One of this country’s greatest unseen innovations came from the Victorians, in developing an underground sewage system to improve public health. Constructed mostly in the 19th century, regrettably, investment and regulation have since not kept pace with rises in the UK’s population and development.
For historic convenience, our surface water and foul water drains have normally ended up combined in the sewers. Therefore, when it rains, our sewers reach overcapacity and permission is granted to water companies to spill sewage directly into rivers, to avoid flooding people’s homes and businesses.
But with climate change increasing the impact of rainfall across the UK - the permitted exceptional overspills of untreated sewage from some 7,000 water treatment plants operated by the 10 water companies in England and Wales have become routine - effectively, they are licensed to spill.
Water companies admitted to 200,000 occasions in 2019 when sewage flowed directly into our rivers for 1.5m hours. Everyone knows this is a major cause of pollution and is damaging to aquatic species and human recreation in and around our rivers.
Landowners and managers with rivers flowing through their land will recognise this problem as it affects their enjoyment of the wonderful watercourses we have, including the virtually unique chalk rivers and aquifers.
This problem poses an increasing commercial impact if fishing and other recreation on our rivers become unhealthy or impossible. What is required is the political will to confront this and do something about it.
That is where my Private Member’s Bill comes in, which will raise awareness and sets out practical measures to start to address this pollution. Water companies and regulators, such as the Environment Agency and Ofwat, recognise there is a problem and growing consumer concern. Ministers in Defra have set up a Storm Overflows Task Force, partly in response to my upcoming bill, as well as plans for water quality targets under the Environment Bill, next due to enter the Lords.
My Sewage (Inland Waters) Bill is a real opportunity to start to sort out the sewers and fix the flushing habits of the nation so that we can create a human effluent system fit for the 21st century.
The CLA's Water Strategy
CLA Land Use Policy Adviser Alice Ritchie is currently working on a water strategy, which examines the whole water environment, and is due to be published in 2021.
She says: “The CLA is in full support of the end sewage pollution campaign, spearheaded by Philip Dunne MP. The scale of the pollution problem across England and Wales means that every sector, every individual and every business must take radical action to reduce what gets into our valued waterways.
"Farming and land use have a big role to play, but without water companies also stepping up and reducing the amount of sewage flowing into rivers and streams, it will be extremely hard for English and Welsh rivers to reverse the decline in water quality that has taken place in recent decades.
Over the course of 2020, the CLA has been developing a Water Strategy – a comprehensive look at the whole water environment, touching on abstraction, flood, drought and, of course, water quality. This will be published in early 2021 and will contain a series of resources and case studies to help landowners reduce their contribution to water pollution, but also demonstrate to government what needs to be done to ensure collaboration across sectors on this important issue.”
Work around water quality
Trade association Water UK, which represents the major water companies in the UK, says that while water quality has substantially improved over the years, more needs to be done and it is working with water companies to increase these efforts.

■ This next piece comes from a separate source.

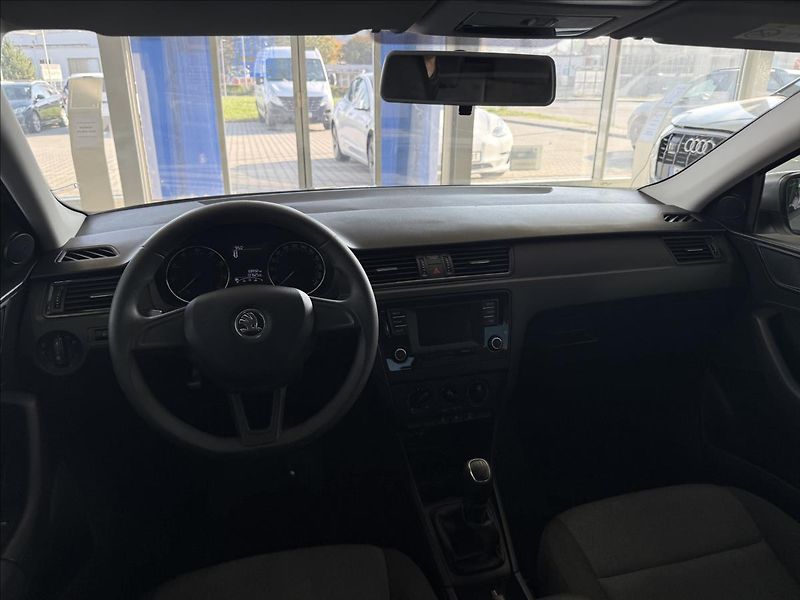 Škoda Rapid 1,2   TSI 81kW,SERVISKA,1.MAJI - fotka 16 z 18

Peter Jenkins, Communications Director, says: “Water quality has substantially improved in the years since the privatisation of the water industry, particularly through the Water Industry Natural Environment Programme. This has helped 70% of English beaches achieve ‘excellent’ ratings, compared with less than a third 25 years ago.
"Additionally, serious pollution incidents have fallen 90% since the 1990s. However, there is more to be done, and we are redoubling our efforts.
“Water companies already work with landowners, for example, through catchment partnerships, to improve water quality and flood risk management, and we believe this collaborative approach is critical to delivering further environmental improvement. Companies are submitting Green Recovery project proposals to Defra that will deliver more nature-based treatment solutions like wetland creation.
"The Storm Overflows Taskforce – a partnership between industry, Defra, and regulators - will look to increase monitoring of and reduce long term reliance on storm overflows. Water companies have published Pollution Incident Reduction Plans and committed to a 90% reduction in serious pollutions by 2025, with many pledging to eliminate them all together. “Within the Sewers (Inland Waters) Bill, there are many measures for which the industry has been pushing for a long time, such as on Sustainable Drainage Systems, water efficiency labelling, tackling single-use plastics in sewers, and allowing investment in nature-based solutions, which is crucial to meeting our net zero 2030 commitment.”